I found a method to factorize quartic polynomials which I don't understand how it works.
It is presented like this:
Cross method
This methodology lets to factorize ordered and completed 4th
polynomials of the form:$$F(x) = ax^4+bx^3+cx^2+dx+e$$
Rules:
- Factor the extreme terms with cross method to get a squared term (generally different from the squared term of the original
polynomial).- Get $\Delta$ from the difference of the squared term of the polynomial and the term of the first step, and replace the result in
the original polynomial.- Then, verify the binary combinations as double cross factoring.
I used for different exercises and it works, but I don't understand the basis for this method.
Can anyone explain the reasons?
P.D.
Example
$$x^4+2x^3+3x^2+2x-3$$
- Factoring the extremes terms; $x^4$ and $-3$:
$$(x^2+3)(x^2-1)$$
The result of the cross method is $3x^2-x^2=2x^2$
- Calculating $\Delta$:
$$\Delta=\text{(original squared term)}-\text{(step one squared term)}= (3x^2)-(2x^2)=x^2$$
And replaced it in the original polynomial:
$$x^4+2x^3+x^2+2x-3$$
- Using the cross method for second and fourth term:
For second term: $(x^2+x)(x^2+x)$ is $2x^3$
For fourth term: $(x+3)(x-1)$ is $2x$
So, arranging the terms, the two factors are:
$$(x^2+x+3)(x^2+x-1)$$
Best Answer
I might be misunderstanding, but this just looks like concealed expanding $$(x^2+ax+b)(x^2+cx+d)\tag{1}$$ and comparing coefficients.
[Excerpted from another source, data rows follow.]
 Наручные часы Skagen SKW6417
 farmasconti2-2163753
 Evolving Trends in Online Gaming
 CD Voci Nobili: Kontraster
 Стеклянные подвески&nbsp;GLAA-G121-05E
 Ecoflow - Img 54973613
Well, what we want is to choose $b$ and $d$ such that $(x^2+b)(x^2+d)$ matches leading and constant factor. What it amounts to is finding $b$ and $d$ such that $bd = -3$. Let's say we were lucky and chose the winning pair $b = -1,\ d=3.$
Why is this important? Well, $(x^2-1)(x^2+3) = x^4+2x^2-3$, so we are missing one $x^2$: $\Delta = 3x^2 - 2x^2$.
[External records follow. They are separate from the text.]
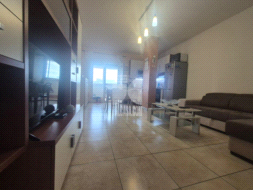 Appartamento in vendita a Crotone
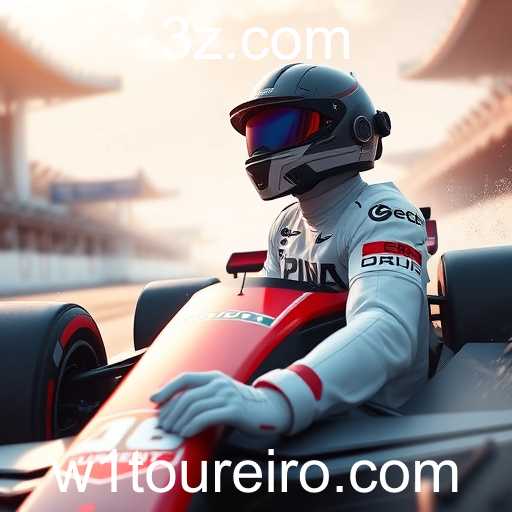 A Revolução dos Jogos Online em 2026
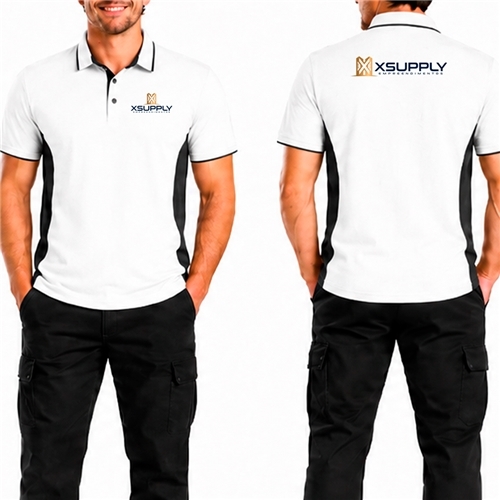 Comprar Camisa (unidade)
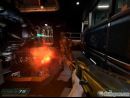 Doom III para Xbox en Europa, retrasado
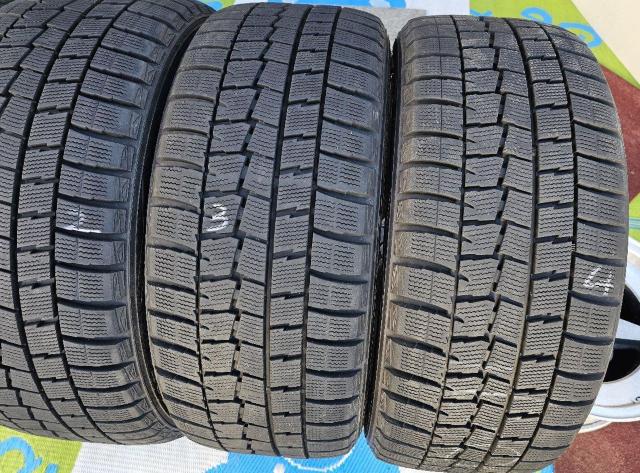 ���N�T�X �f�r �S�T�Oh �O�� �����z�C�[��18�C���`8j+45 5��/114.3�X�^�b�h���X�^�C���t��4�{�Z�b�g�_�����b�v WI �� ������/�o�C�N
There is only one place where $\Delta$ can come from, that is from $a$ and $c$ - we must have $ac x^2 = \Delta$. Why? Well, if you expand $(1)$, you will find that $x^2$ term must be equal to $b + d + ac$. We found $b+d$ in step 1 and 2, so $acx^2$ is equal to $\Delta$. In this case $ac = 1$. There are two possibilities in $\Bbb Z$, either $a=c=1$, or $a=c=-1$. It is easy to decide which one, since it must fit the other terms as well, namely $x^3$ term is equal to $a + c$ and the $x$ term is equal to $ad + bc = 3a - c$. Thus, $a = c = 1$.
We simply write $(x^2+x-1)(x^2+x+3) = x^4+2x^3+3x^2+2x-3$ and feel the magic all around us.
Now, let us do the same thing, only transparently:
$$(x^2+ax+b)(x^2+cx+d) = x^4+(a+c)x^3+(b+d+ac)x^2+(ad+bc)x+bd$$
so we need to solve the following system in $\Bbb Z$:
\begin{array}{c r}\begin{align} a+c&=2\\ b+d+ac&=3\\ ad+bc&=2\\ bd &= -3 \end{align} &\tag{2}\end{array}
There are two possibilities, either $b = 1$ and $d = -3$, or $b = -1$ and $d = 3$. We can see that former leads to no solution, so we will pursuit the latter, the system becomes:
\begin{align} a+c&=2\\ ac&=1\\ 3a-c&=2 \end{align}
The first and the third equation form linear system, which has unique solution $a = c = 1$, luckily, consistent with the second equation. Thus, we now know for certain that $$(x^2+x-1)(x^2+x+3) = x^4+2x^3+3x^2+2x-3.$$
Addendum:
There is a legitimate question why we would consider $(1)$ in the first case. Now, we are trying to factor a quartic over $\Bbb Z$. Let's say $p(x) = x^4 +2x^3+3x^2+2x-3$ and assume that $p = fg$. We have that $\deg p = \deg f + \deg g$, so there are two cases: $4=1+3$ or $4=2+2$. The first case would imply that $p$ has integer root and we can use rational root theorem to rule that out. Thus, only case $4=2+2$ remains, which leads to considering $(1)$.
Finally, if the system $(2)$ had no solutions in $\Bbb Z$, we would conclude that $p$ is irreducible over $\Bbb Z$.